We may be our own service, but we fight as part of a team.
The United States military is organized parochially for a reason. Each service has a set of core competencies, or unique mission sets and capabilities that it can bring to bear. For the Air Force, this means air, space, and information superiority, global attack, precision engagement, rapid global mobility and Agile Combat Support. These distinctive capabilities allow us to fly, fight and win. They also allow our senior service leaders to focus procurement and training on those key areas and mitigate some overlap between the services.
Due in part to capability limitations and federal law, the air, land and sea services are also interdependent. This means they must rely on each others' distinctive capabilities in order to collectively win our nation's wars. No one service can win any war by itself; we need the full package. This collective interdependency is orchestrated not by an Air Force, Army or Navy command, but by a joint combatant commander. The combatant commander is responsible for weaving those capabilities together into a joint force sufficient to meet military and political objectives.
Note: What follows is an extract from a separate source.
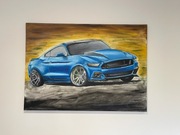 Obraz olejny Mustang, ręcznie malowany. 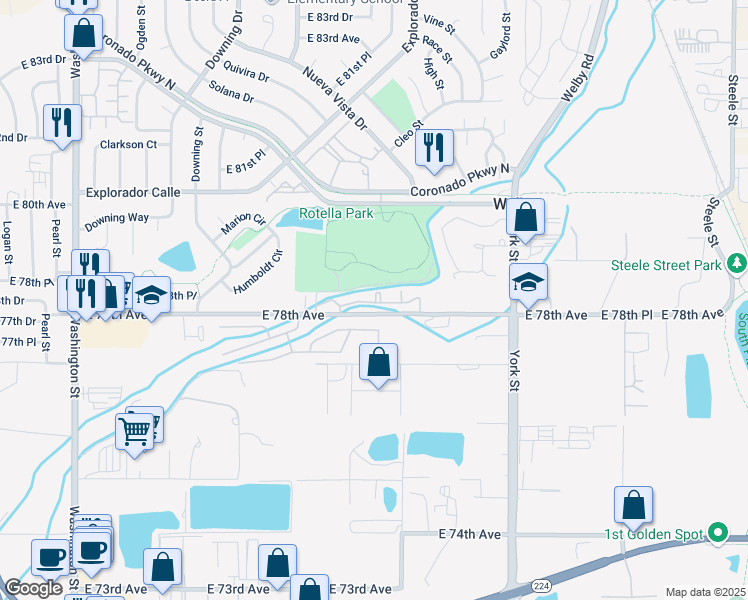 map of restaurants, bars, coffee shops, grocery stores, and more near 1961 East 78th Avenue in Denver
The composition of that joint force is dependent upon many factors including existing political context and physical geography, but we don't take turns going to war.
A colleague of mine recently asserted that this was the Army's decade to be deployed. He said that throughout the 1990's, while the Army remained garrisoned, the Air Force maintained a combat posture - and now it was the Army's turn. He argued that the "clear air victory" in Desert Storm set the stage for the primacy of air power for the coming decade, a decade he claimed, that the Army did not deploy. While my friend clearly overlooked critical Army contributions in Somalia, Haiti and the Balkans, what was more troubling was his line of thinking. Considering that services actually take turns in the fight is a very myopic way to view our nation's military contributions.
Each combat operation is different and every service's contribution must be understood within its strategic context. Desert Storm was not just an air war, although some Airmen would like to remember it that way. Despite the significant success achieved by the combined Joint Force Air Component in gaining air superiority and removing the eyes and ears of the enemy regime, that alone did not win the war. Air actions that took place in the opening days of Desert Storm, including more than 100 Tomahawk Land Attack Missiles and thousands of Air Force, Navy and Marine Corps sorties, helped set the conditions for coalition land forces to seize ground and defeat enemy land forces. In addition to its air contribution from six aircraft carriers in the Persian Gulf and Red Sea, the Navy also conducted surface, subsurface, and amphibious operations. While a healthy amount of inter-service rivalry existed, the Air Force could not have "won" Desert Storm without the Army and the seaservices, nor could the Army or seaservices have "won" Desert Storm without the Air Force. It took all three pieces, integrated for a common purpose by the joint force commander, Gen. H. Norman Schwarzkopf, to achieve a resounding victory and meet the larger military and political objectives.
Similar troubling arguments have been made about today's fight - somehow the Air Force had won its war (the air campaigns in Afghanistan and Iraq) and we are just waiting for the Army to finish its job on the ground. Some take the argument a step further, saying that the Air Force should be back to "Ops Normal" while the Army engages in the tedious, dangerous, but necessary tasks of peace enforcement and nation-building. According to these airpower-"firsters," clearing out insurgents and building schools are not air component tasks because they are not part of our core competency. Yet, saying "that's not my job" is not in the spirit of team play, especially when part of our team is still decisively engaged. We cannot say that as individual Airmen, and we cannot think that as an air service. Aside from their proximity to the sites, the U.S. Army is no more capable of building schools than any other service; we all have engineer capabilities, after all.
We cannot divide war into parochial contributions and consider those independently. As Airmen, we cannot proclaim that we have won our "air war," and now it's time for the other services to win the "ground war." These operations are interdependent and all three services rely on each other to be successful. We are in this together; the air campaign is not won until the war is won.
So I ask again, when was the last time you did a bit of self-reflection and saw more than just you and your aircrew flying around the world? When was the last time you considered your larger role in these conflicts? As we close out the tenth year of this long war, let us not forget that we are part of a bigger team - a team that will fall and rise together.